Nancy Kalchbrenner, president of the school board, said officials still are struggling with the aftermath.

"The racial issues are still very difficult," she said. "There are a lot of concerns. We're discussing our student assignment. It's a concern in the business community because of economic development. Our schools are not in the traditional American format. There's still a lot of distrust and concern, especially in the African-American community."

Stephen Katz, who represented the teachers' union during those lengthy negotiations, is now general counsel for the district.

Katz said the first civil rights action against Rockford schools was filed in 1989, and the district was released from its monitors in 2002. He said concerns about the schools go back to the 1970s.

"There had been a desegregation lawsuit in the early '70s, but it wasn't pursued vigorously," he said. "The district ended up engaging in one-way busing, taking black kids to the white side of town. The second lawsuit filed in 1989 arose because of the reorganization plan named, unfortunately, Toward a Brighter Tomorrow."

The plan was to close the only naturally segregated high school in the city and several schools in the black neighborhood.

"Members of the minority community wanted to discuss that, but they were blown off," Katz said.

They filed a complaint followed by a consent decree, and the district backed off some elements of the reorganization but kept the high school closed. A second complaint turned the case into a class-action lawsuit.

"Instead of just attacking the reorganization plan, it attacked the segregation of the district, calling it a dual schools system going back 40 years with a misallocation of resources to the majority side of town, favoring whites," Katz said.

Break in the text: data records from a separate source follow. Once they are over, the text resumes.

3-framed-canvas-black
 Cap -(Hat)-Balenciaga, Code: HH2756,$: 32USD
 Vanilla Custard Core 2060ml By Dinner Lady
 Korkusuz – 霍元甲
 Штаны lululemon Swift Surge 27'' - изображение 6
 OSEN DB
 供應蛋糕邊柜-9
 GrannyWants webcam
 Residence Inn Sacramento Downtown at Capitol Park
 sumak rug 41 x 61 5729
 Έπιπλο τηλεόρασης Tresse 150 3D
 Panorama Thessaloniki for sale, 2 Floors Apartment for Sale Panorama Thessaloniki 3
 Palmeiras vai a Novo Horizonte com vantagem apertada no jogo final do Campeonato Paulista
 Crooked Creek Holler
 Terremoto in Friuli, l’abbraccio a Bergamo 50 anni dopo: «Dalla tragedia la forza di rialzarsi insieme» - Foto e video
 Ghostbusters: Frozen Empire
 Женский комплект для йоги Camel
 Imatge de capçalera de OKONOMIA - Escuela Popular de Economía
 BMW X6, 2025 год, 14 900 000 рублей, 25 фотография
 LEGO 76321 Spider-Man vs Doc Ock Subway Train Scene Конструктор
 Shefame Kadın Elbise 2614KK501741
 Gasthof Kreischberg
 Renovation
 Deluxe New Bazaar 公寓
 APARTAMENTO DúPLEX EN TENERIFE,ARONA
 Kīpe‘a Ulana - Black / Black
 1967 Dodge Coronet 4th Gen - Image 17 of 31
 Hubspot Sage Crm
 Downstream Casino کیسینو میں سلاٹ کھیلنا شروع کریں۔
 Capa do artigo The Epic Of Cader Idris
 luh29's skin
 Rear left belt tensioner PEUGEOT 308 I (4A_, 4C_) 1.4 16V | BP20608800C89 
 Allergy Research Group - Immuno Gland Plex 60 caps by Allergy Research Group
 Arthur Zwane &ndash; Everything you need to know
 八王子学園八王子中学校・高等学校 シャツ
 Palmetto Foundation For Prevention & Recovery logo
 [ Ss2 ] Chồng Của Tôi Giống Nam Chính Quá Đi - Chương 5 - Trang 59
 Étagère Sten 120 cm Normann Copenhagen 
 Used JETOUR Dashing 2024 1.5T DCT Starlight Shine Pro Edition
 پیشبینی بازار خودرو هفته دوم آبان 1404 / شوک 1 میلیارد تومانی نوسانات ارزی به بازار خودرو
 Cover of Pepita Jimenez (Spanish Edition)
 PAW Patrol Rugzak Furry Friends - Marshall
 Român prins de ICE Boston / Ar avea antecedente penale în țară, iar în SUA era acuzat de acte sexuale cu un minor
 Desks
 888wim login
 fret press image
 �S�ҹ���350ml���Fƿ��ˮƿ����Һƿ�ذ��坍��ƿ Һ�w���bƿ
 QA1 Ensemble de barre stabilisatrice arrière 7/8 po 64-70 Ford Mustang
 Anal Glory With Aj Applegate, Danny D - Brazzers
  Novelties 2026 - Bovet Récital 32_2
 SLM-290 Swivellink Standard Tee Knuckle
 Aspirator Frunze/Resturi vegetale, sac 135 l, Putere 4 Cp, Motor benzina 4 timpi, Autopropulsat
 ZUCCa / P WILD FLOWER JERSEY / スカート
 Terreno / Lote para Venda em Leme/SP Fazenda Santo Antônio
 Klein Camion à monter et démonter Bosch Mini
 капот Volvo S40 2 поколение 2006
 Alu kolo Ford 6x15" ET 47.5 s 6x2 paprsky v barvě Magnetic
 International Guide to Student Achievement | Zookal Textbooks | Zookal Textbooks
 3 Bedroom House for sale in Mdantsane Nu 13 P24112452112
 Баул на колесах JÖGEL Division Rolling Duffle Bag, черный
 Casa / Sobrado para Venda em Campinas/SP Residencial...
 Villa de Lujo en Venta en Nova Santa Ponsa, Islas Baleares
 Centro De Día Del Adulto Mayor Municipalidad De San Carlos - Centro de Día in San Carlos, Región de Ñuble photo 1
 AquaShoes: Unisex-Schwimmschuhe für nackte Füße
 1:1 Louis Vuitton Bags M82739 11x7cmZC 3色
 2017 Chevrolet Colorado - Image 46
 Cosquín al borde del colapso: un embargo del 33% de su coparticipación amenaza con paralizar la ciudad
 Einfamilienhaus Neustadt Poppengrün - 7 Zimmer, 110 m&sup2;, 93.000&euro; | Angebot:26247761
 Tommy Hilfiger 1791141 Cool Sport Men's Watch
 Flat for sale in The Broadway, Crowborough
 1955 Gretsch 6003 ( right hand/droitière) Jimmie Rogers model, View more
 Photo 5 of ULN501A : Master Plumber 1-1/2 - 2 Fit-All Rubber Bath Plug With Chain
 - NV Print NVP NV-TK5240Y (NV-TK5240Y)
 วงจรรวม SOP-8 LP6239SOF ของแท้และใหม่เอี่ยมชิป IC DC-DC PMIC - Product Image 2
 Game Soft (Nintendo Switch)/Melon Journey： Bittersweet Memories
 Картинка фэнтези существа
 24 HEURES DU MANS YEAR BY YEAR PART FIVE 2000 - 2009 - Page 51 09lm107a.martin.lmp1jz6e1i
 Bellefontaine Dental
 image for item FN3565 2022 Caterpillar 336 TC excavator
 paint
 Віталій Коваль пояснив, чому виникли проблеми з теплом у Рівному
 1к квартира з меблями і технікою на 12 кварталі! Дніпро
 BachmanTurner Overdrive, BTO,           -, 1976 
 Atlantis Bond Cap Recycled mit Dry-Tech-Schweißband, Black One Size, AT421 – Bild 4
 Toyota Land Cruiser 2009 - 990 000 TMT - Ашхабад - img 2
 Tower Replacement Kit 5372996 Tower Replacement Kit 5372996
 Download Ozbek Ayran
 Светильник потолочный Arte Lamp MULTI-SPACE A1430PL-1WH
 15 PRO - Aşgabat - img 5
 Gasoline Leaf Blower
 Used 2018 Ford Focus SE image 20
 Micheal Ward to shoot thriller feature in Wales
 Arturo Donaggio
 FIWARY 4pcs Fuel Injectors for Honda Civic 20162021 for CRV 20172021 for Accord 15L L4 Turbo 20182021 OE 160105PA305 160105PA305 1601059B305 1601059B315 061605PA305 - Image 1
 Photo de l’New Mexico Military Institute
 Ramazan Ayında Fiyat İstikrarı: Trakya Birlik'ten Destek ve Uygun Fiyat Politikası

The second complaint resulted in a second consent decree calling for a court monitor. Meanwhile, with legal bills growing, the district dipped into its tort fund to cover them. The second order also challenged teaching, saying it was better on the east (white) side of the city than it was on the west (black) side. The union challenged those claims, and the court threw them out.

"It ruled you can't wipe out third-party rights unless the court finds the district guilty," Katz said. "That led in 1993 to a liability trial in Rockford focusing on whether Rockford was running an unconstitutional dual school system. It was truncated because the district admitted facts showing it ran a dual system."

The union contract, however, was found not to be the problem.

"The remedy trial started in early fall of 1995," Katz said. "It concluded in May of 1996. Periodically during the trial, the court would issue rulings about remedies. They were massive."

The district had to introduce controlled choice in every school. It was ordered to eliminate an achievement gap, but the district challenged that and it was tossed out.

"The court said that's ludicrous because so many factors contribute to it," Katz said.

But it didn't take long before Rockford was the most perfectly integrated district in the country, run by a court-appointed "master" and other administrators who came in just to keep an eye on desegregation practices.

In 1999 and 2000, Rockford went back to court to prove it had eliminated segregation. Katz said the district court rejected those claims but the circuit court restored Rockford's self-control.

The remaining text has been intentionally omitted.